Stored records:
◇ ◇ ◇ ◇ ◇ ◇ ◇
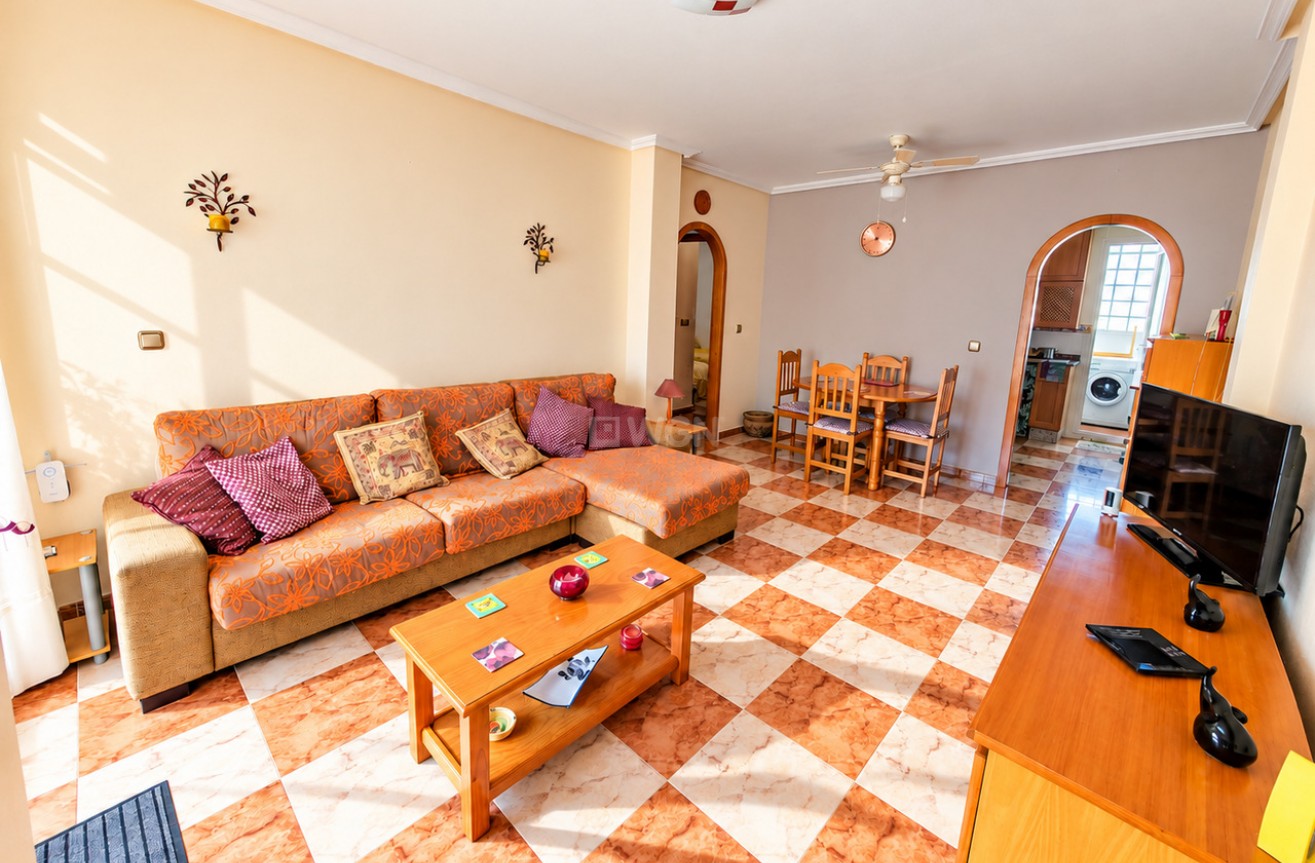 Wiederverkauf - Wohnung - Cabo Roig - Costa Blanca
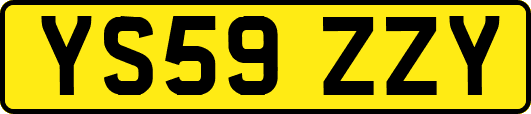 YS59ZZY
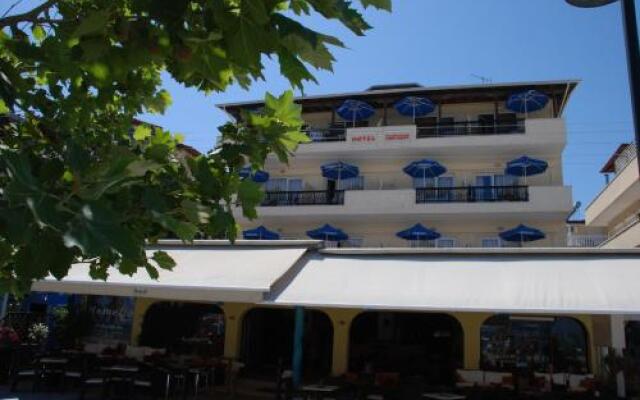 Pantheon Beach Hotel
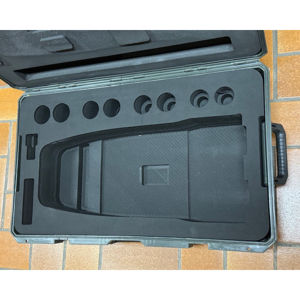 Bild von APM Hartschalenkoffer für 120mm Bino 45 Grad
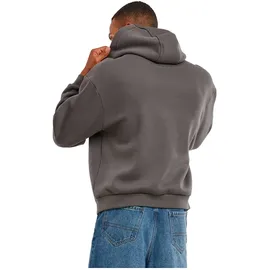 Mister Tee Hoodie Grau L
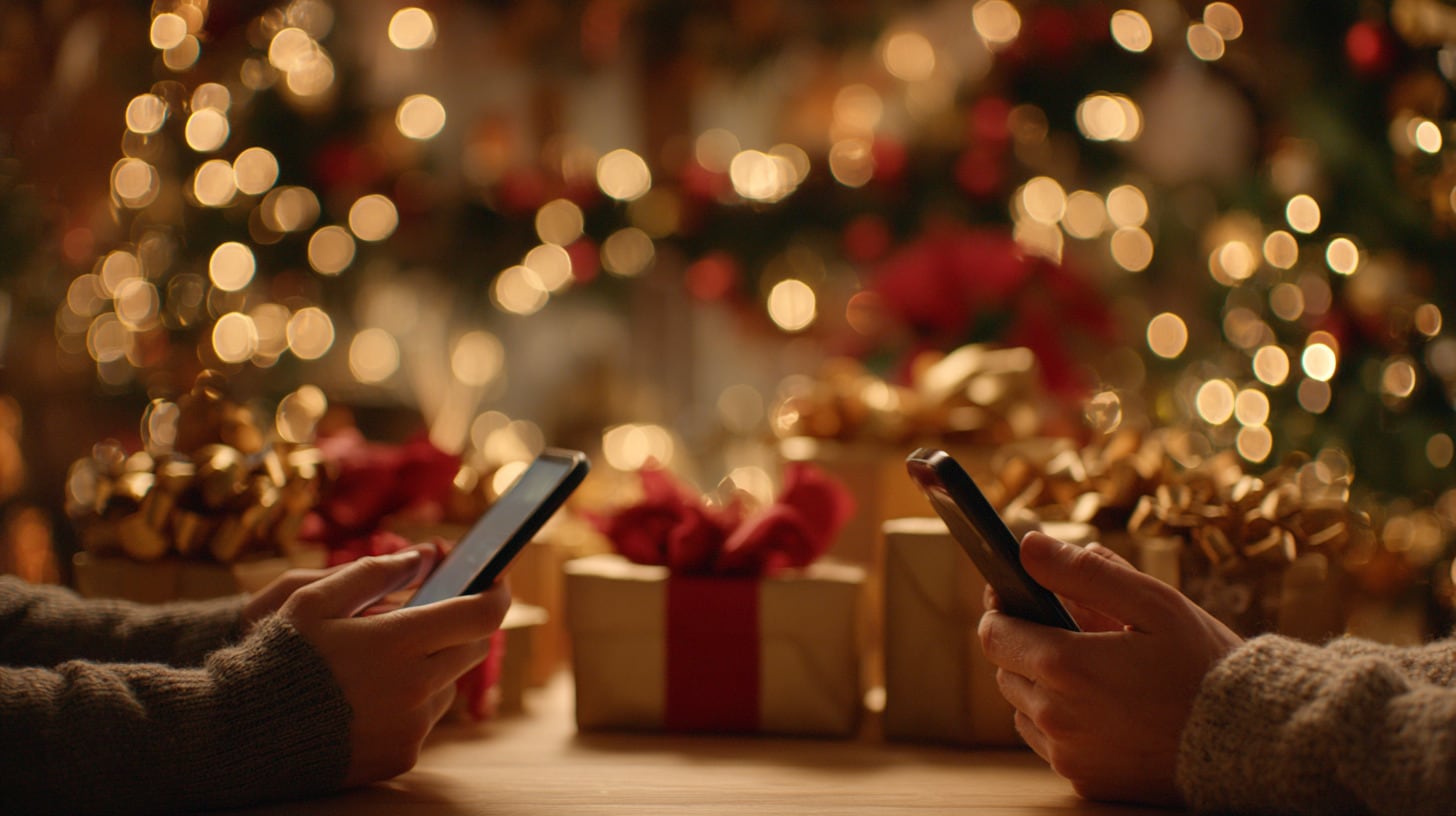 Conectividad como regalo navideño: estrategias de selección según perfil de usuario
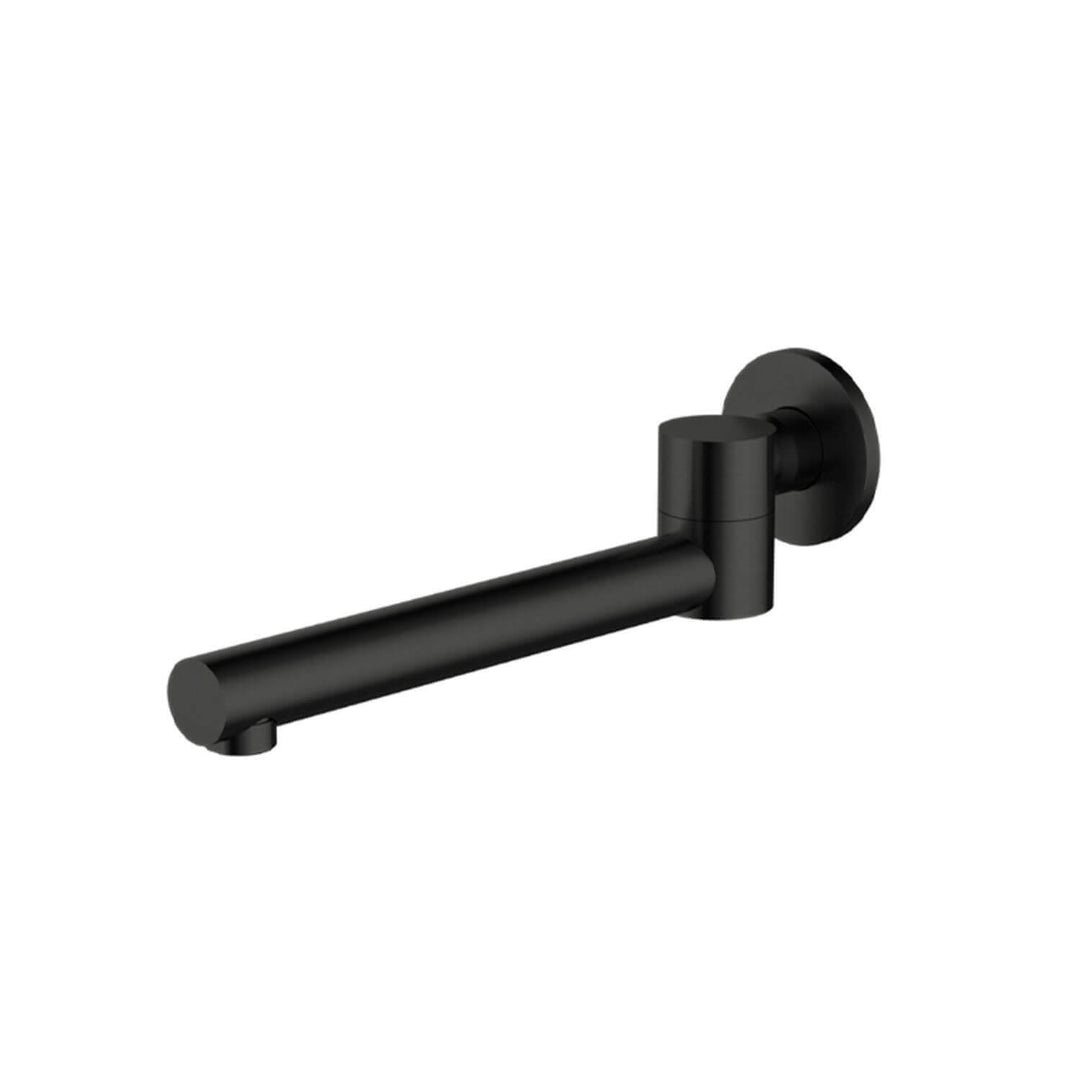 Star Swivel Wall Spout 240mm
◇ ◇ ◇ ◇ ◇ ◇ ◇
Leave out every picture and copy verbatim the lines running from the line containing "Pantheon Beach Hotel" through the final line of the data.

* _Solution to this task_:
 Pantheon Beach Hotel
 Bild von APM Hartschalenkoffer für 120mm Bino 45 Grad
 Mister Tee Hoodie Grau L
 Conectividad como regalo navideño: estrategias de selección según perfil de usuario
 Star Swivel Wall Spout 240mm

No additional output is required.